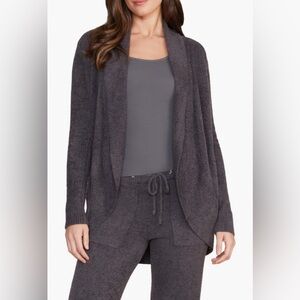 EUC Barefoot Dreams NWOT Circle Lite Cardigan, carbon heather, L/XL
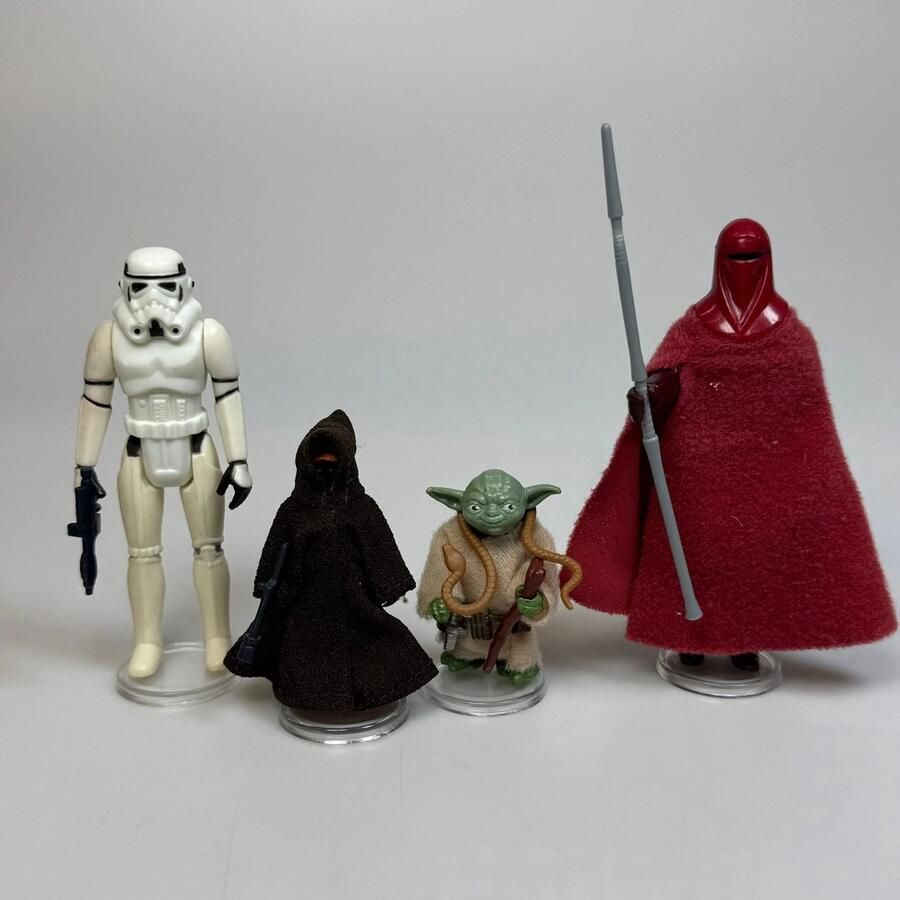 Star Stands Display stands voor vintage Star Wars figuren 1 inch 2 54 cm voetjes vitrine display transparant rond standaard voor presentatie verzamelobjecten vintage action figure accessoires 20 stuks - Foto 2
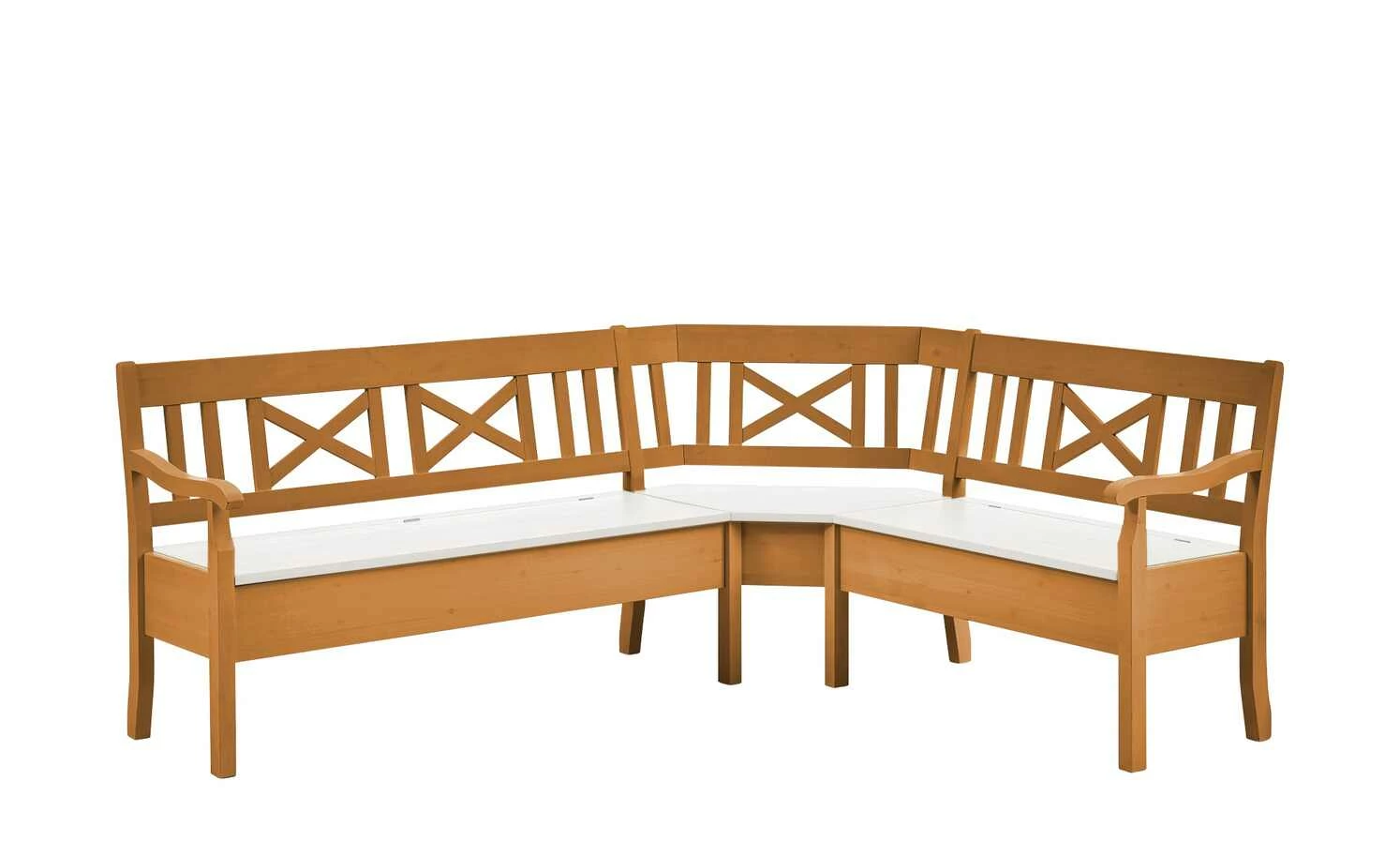 maison bleue Truheneckbank Florian | bernsteinfarben / Weiß links 1 maison bleue Truheneckbank Florian | bernsteinfarben / Weiß links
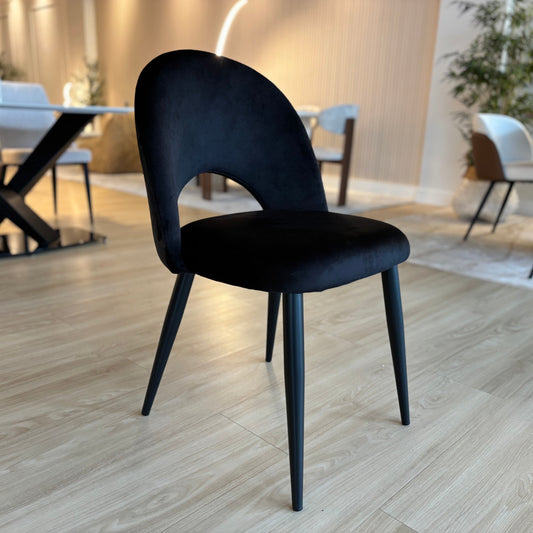 LIA - Tela Negra Velvet - Base Negra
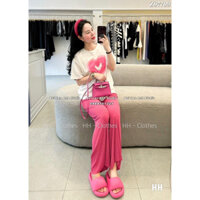 set bộ áo cotton quần xếp ly free size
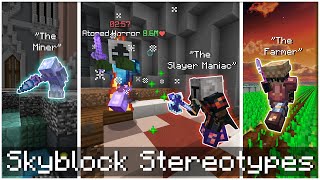 Types of Skyblock Players | Hypixel Skyblock Stereotypes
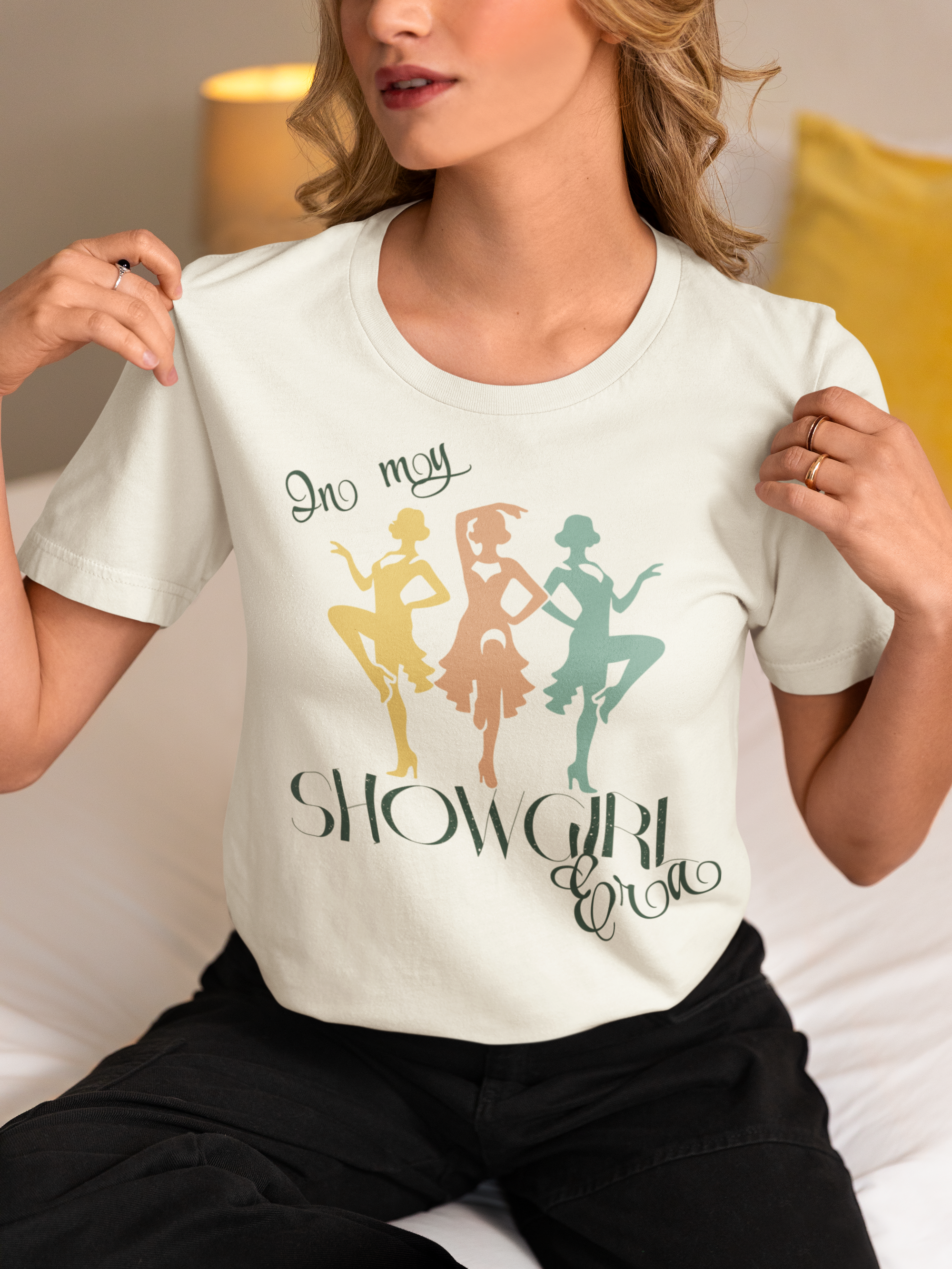 Taylor 'In my Showgirl Era' TS12 Album Vintage Softstyle T-Shirt, Unisex Fashion Tee, Trendy Graphic Shirt, Perfect Gift for Swifties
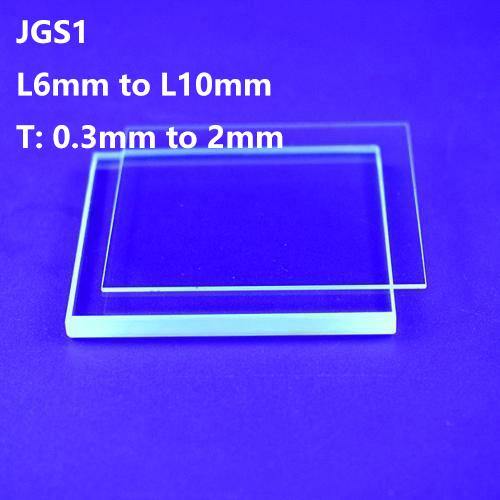 Quartz Glass Plates / Quartz Substrates / Quartz Microscope Cover L6mm to L10mm JGS1 - MICQstore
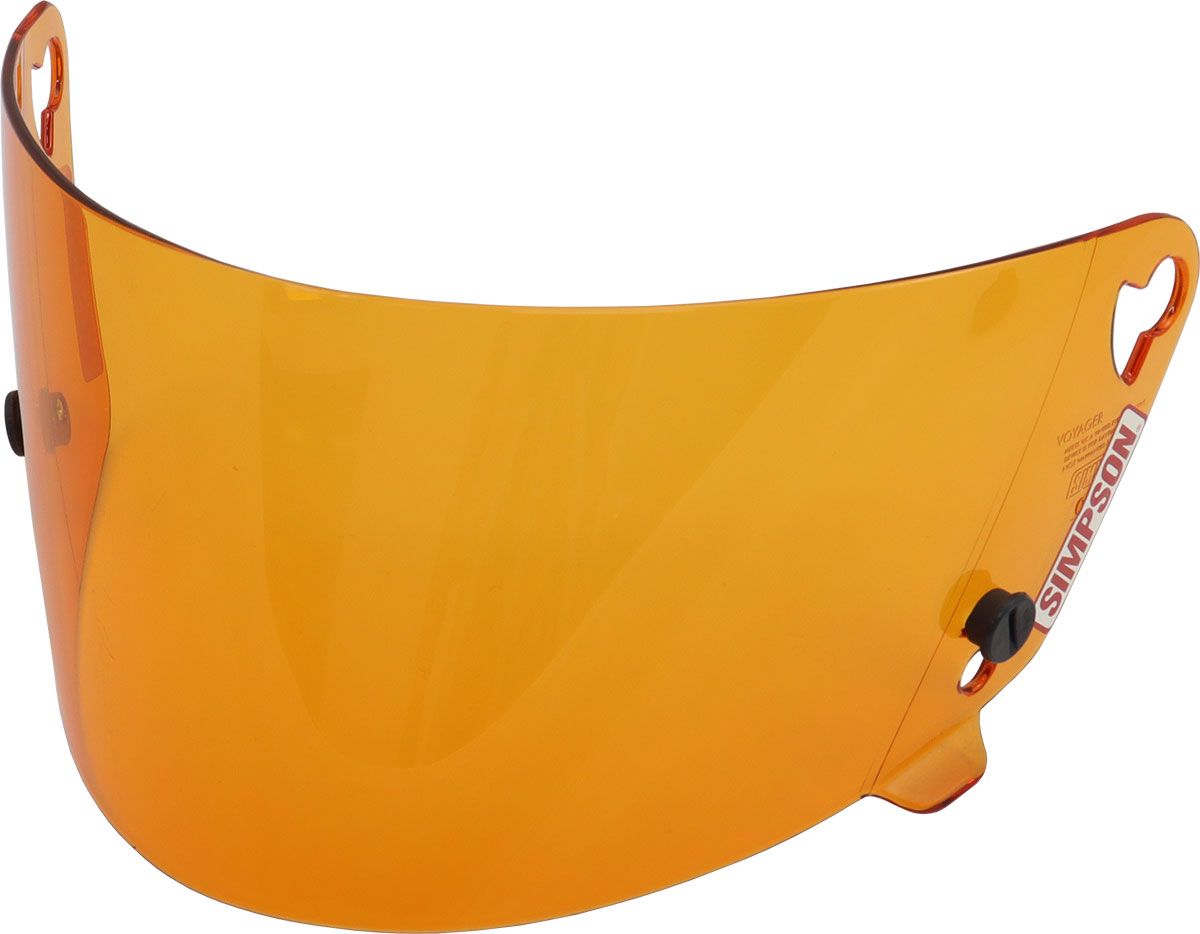 AMBER VISOR - VOYAGER ANTI FOG W/BLUE BLOCKER SHIELD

◆ TASK DESCRIPTION: Return an exact transcription of the entries above, excluding each image.

◆ RESPONSE FOR THIS EXERCISE:
 EUC Barefoot Dreams NWOT Circle Lite Cardigan, carbon heather, L/XL
 Star Stands Display stands voor vintage Star Wars figuren 1 inch 2 54 cm voetjes vitrine display transparant rond standaard voor presentatie verzamelobjecten vintage action figure accessoires 20 stuks - Foto 2
 maison bleue Truheneckbank Florian | bernsteinfarben / Weiß links 1 maison bleue Truheneckbank Florian | bernsteinfarben / Weiß links
 LIA - Tela Negra Velvet - Base Negra
 set bộ áo cotton quần xếp ly free size
 Types of Skyblock Players | Hypixel Skyblock Stereotypes
 Taylor 'In my Showgirl Era' TS12 Album Vintage Softstyle T-Shirt, Unisex Fashion Tee, Trendy Graphic Shirt, Perfect Gift for Swifties
 Quartz Glass Plates / Quartz Substrates / Quartz Microscope Cover L6mm to L10mm JGS1 - MICQstore
 AMBER VISOR - VOYAGER ANTI FOG W/BLUE BLOCKER SHIELD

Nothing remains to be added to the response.